A while back I had an object lesson on perspective and why its a great idea to have a coach. Getting coached and getting clear is the best way I know to regain my power. I was dealing with the aftermath of an argument with my wife. I found myself conflicted and the conflict came down to money. The upshot is I begrudgingly decided to pay a bill because not paying would cause pain to my stepdaughter and that just wouldn't be fair. Be clear, it's not my bill to pay, hence the upset. And to allow a family member to suffer because those who should pay won't is against my core value of "Family". So, I shelled out even though, "in my opinion", it isn't and wasn't my bill.
Sticking to my values
Sticking to my values with clenched teeth, I needed someone to hear me! So I took this incident to my coach. I was steaming hot and had an opinion my day was shot before it began thanks to my experience of being "put upon". Hear me she did. It went something like this: Firstly, she heard me out until I had said everything I needed to say. The good, bad, and to be honest pretty ugly stuff I couldn't say to my wife or anyone else who might have a right to an "opinion" on the matter. Opinions don't make a difference; a committed listener does!

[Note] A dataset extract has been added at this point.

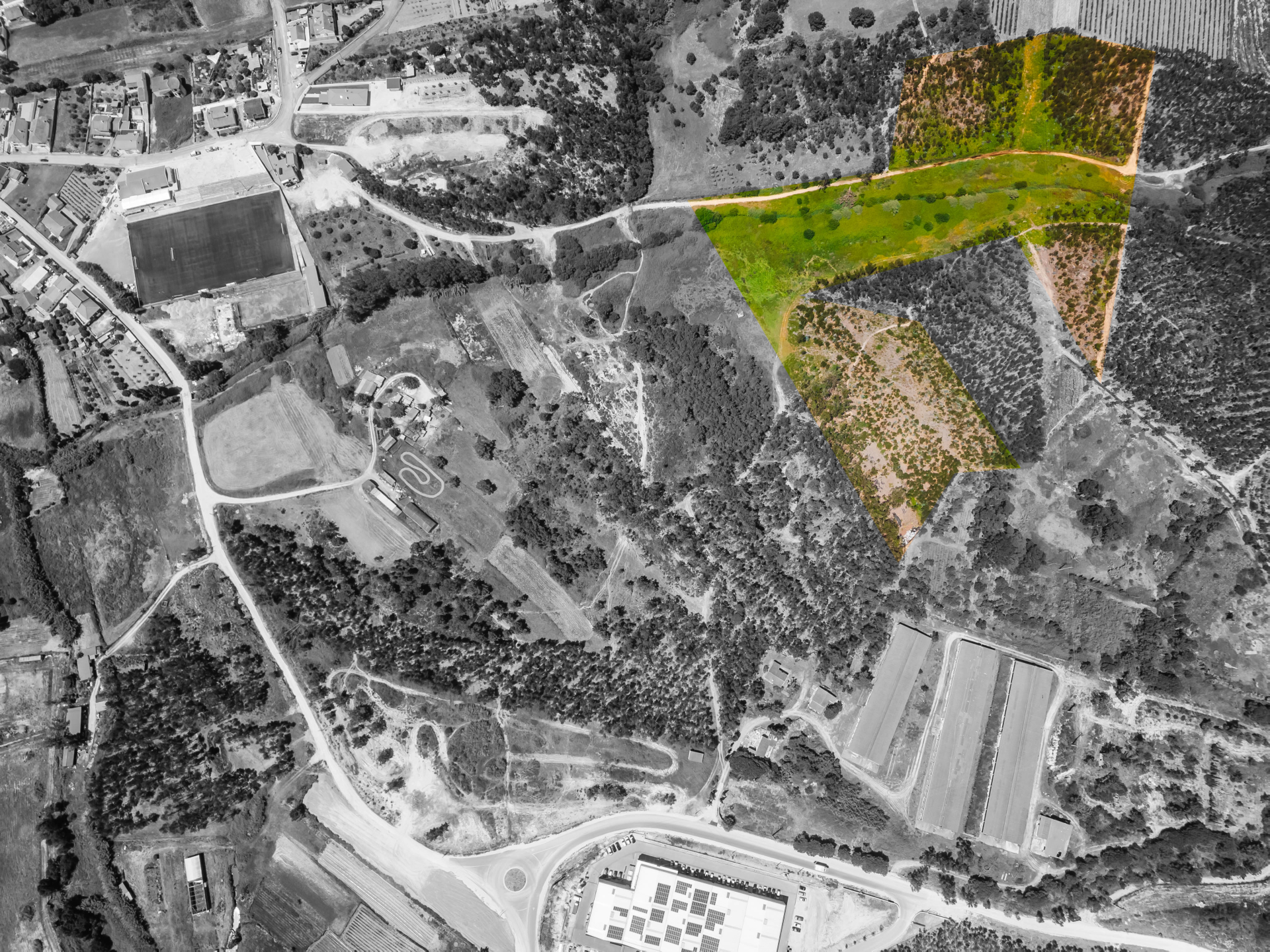 Terreno com quatro hectares e meio perto de indústria, no concelho de Torres Vedras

She then invited me to look at what had happened objectively (get coached and get clear). To try and pick apart what had happened and why I was upset. Sure, the upset is valid but did it make sense for me to be upset? One by one, we peeled back the layers together. I wasn't angry at anyone but myself. I was frustrated that I could be "forced" to pay someone else's bill because of my value set trumped theirs. It looked to me like the other party only values MONEY. The conclusion I came to was unless I wanted to abandon my Values, I was the bank, and that was that!
Oh ye of little faith
Did it make sense for me to be upset…ummmm well? … I had an opinion! I found myself last again, being used because of my kind nature (that's a story by the way). In reality, I knew this story and the characters involved, so that was just an excuse.
Then came the next question.
Did I expect the other party to behave any differently?

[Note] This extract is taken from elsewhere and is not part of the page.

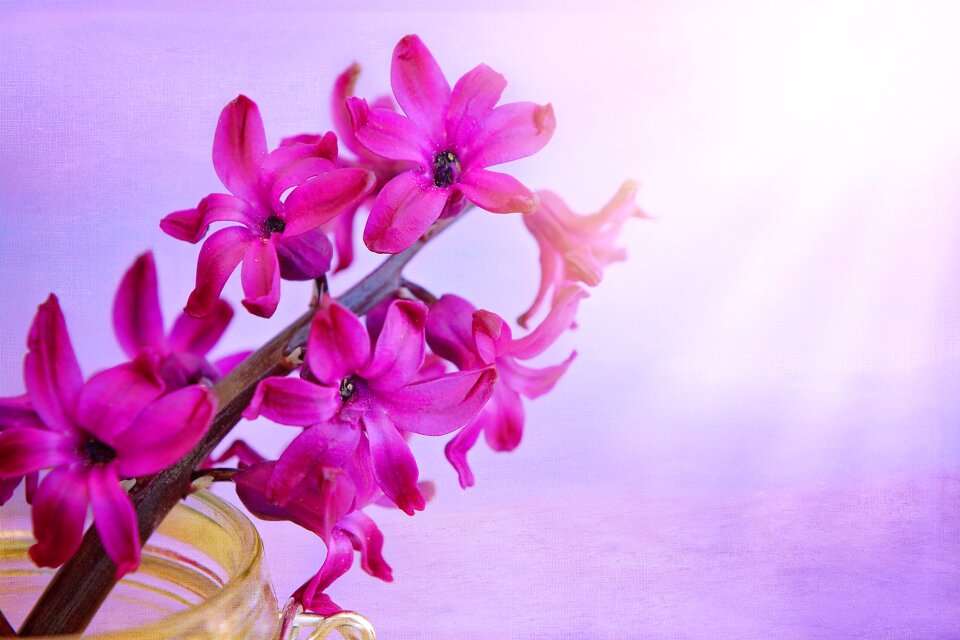 Pink spring flower fragrant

No, I've been dealing with the same stuff for 8 years. So why was I triggered so badly…I am under stress and plenty of it. When you are investing hard-out, loose cash is something you just don't have so, yeah it hurts to be picking up bills that are not yours! Oh ye of little faith! How can you attract success when radiating fear of failure… The truth is, you can't! That's why getting coached and getting clear, like oxygen, is vital to success.
A hostage to himself
Further, I felt I was being manipulated by my idea of a person living a small life, who takes zero risks and is so focused on his superannuation he would put his savings before his children. Again, more story. It felt like I was like being manipulated by my personal antithesis! And then the penny dropped. The poor man is a hostage to himself. He is living so small that if he disappeared, even his children might not notice! I was filled with compassion. So what if I had to pay his bills, I was living his life! He wasn't manipulating me, this was a values clash in action. And, he either had no idea of the consequences of his actions nor did he care. He was not upset in the slightest! He was clueless about the impact.
Perspective changes the outcome
That changed my whole perspective. I went from being used to being in control, from being taken for granted to be appreciated. It was all about perspective, and in getting coached, I got clear on what was the right perspective for me, and that resulted in a fantastic, awesome day of flow, kicking goals all over the shop. AND, I could not have done it without my coach…Thanks, Tanja!